Was für glorreiche Zeiten, als Paul Sethe die Pressefreiheit durch eine zu große Verlegermacht bedroht sah. Was aber ist zu tun, wenn immer erkennbarer wird, wie die digitalisierte Kommunikation nicht nur den liberalen Diskurs, sondern die Demokratie an sich unterwandert? Was ist zu tun, wenn nostalgische Verklärung der Vergangenheit oder Maschinenstürmerei gewiss nicht die Lösungen sind? Unabhängige Recherchemedien müssen dringend gestärkt werden. Indem der öffentlich-rechtliche Rundfunk nicht waidwund geschossen wird, sondern seine Aufgaben neu definiert. Und indem die Zeitungen - und im Besonderen die Lokalzeitungen - auf ihrem Weg zur Digitalisierung und beim unrentabel gewordenen Printvertrieb in ländlichen Regionen staatlich unterstützt werden. Dass und wie das geht, ohne die Unabhängigkeit der Redaktionen zu gefährden, machen eine Reihe von EU-Ländern seit vielen Jahren vor.

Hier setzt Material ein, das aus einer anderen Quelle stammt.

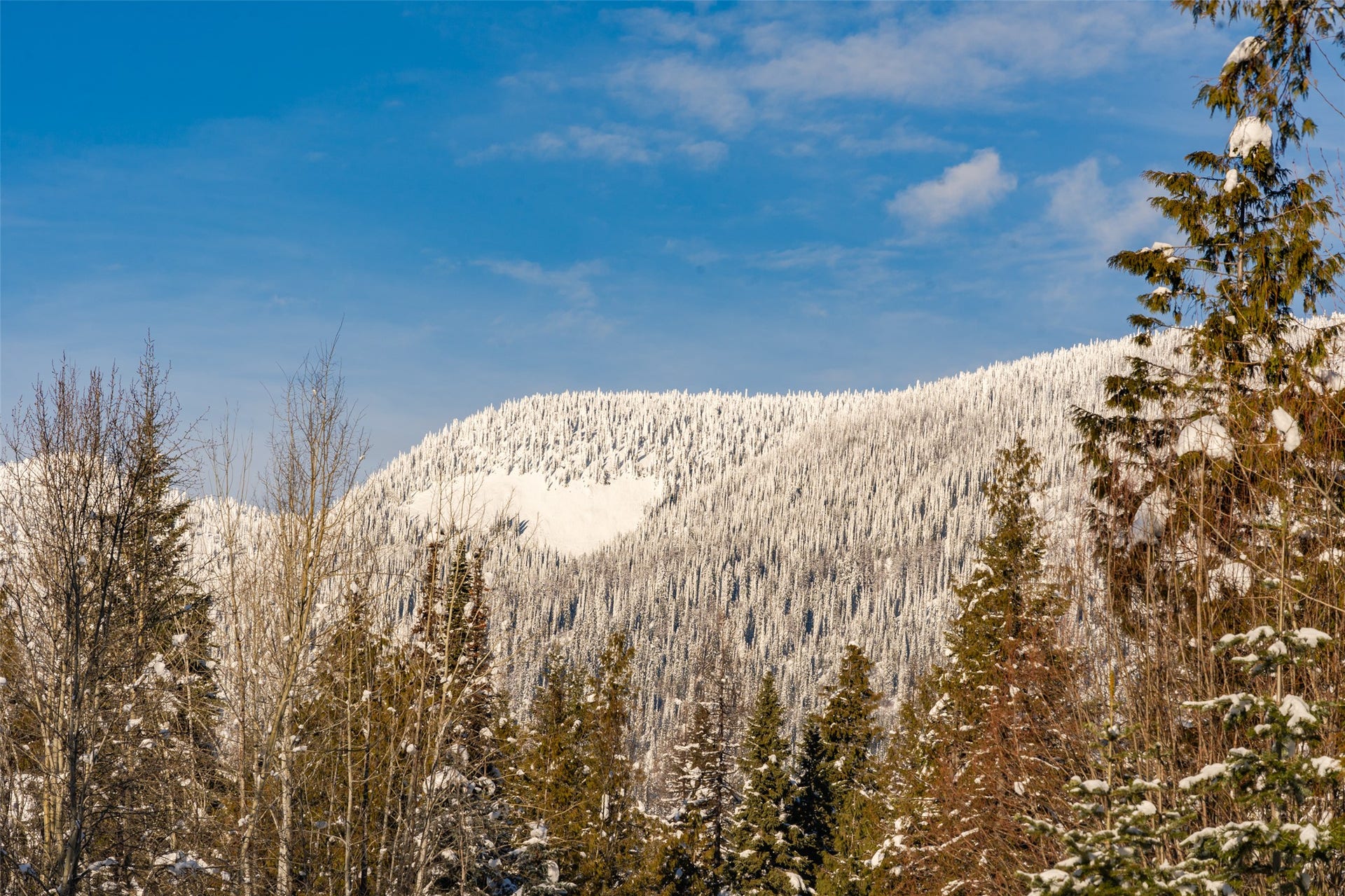 165 Woodland Star Circle, Whitefish, MT 59937 165 Woodland Star Circle, Whitefish, MT 59937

Vier Kernpunkte für eine europäische Informationsordnung

Und noch elementarer: Die Zersetzung des Informationsraums muss endlich wirksam reguliert werden. Wohl dem, der eine schönere Vokabel dafür findet. Aber die Ausbeutung des Körpers durch Versklavung und Kinderarbeit, die Zerstörung der Natur durch Landschaftsfraß, die Befeuerung der Erderwärmung können ebenso nur durch klare, scharfe und sanktionsfähige Regeln überwunden werden wie die Korrumpierung und Ausbeutung der Seelen, auf die die Zersetzung der Demokratie stets fußt.  

Das ist trotz aller Dringlichkeit eine europäische Aufgabe. Weil nur die EU stark genug ist, eine Informations- und Medienordnung zu etablieren, die sich neben dem chinesischen System der vollständigen staatlichen Kontrolle und dem US-System der kommerzialisierten Radikalisierung behaupten kann. Vier Punkte sind hierfür entscheidend: 1. Eine uneingeschränkte Kennzeichnungspflicht für Texte, Stimmen und Bilder, die von Maschinen erstellt wurden. 2. Eine Zerschlagung der monopolisierten Plattformen. 3. Eine Haftbarmachung der Plattformen für die Inhalte, die sie verbreiten. Nach genau den Kriterien, wie sie im Presserecht aus guten Gründen für alle Inhalte gelten, die eine Massenverbreitung suchen. Und 4. Wirksame Sanktionen, die sich nicht auf Preisschilder beschränken, sondern am Ende auch den Marktausschluss bedeuten können. Wer sagt, „das geht nicht”, möge bitte erklären, mit welchen anderen Instrumenten Demokratie und Rechtsstaatlichkeit in der offenen und bitteschön humanitären Informationsgesellschaft erhalten werden sollen.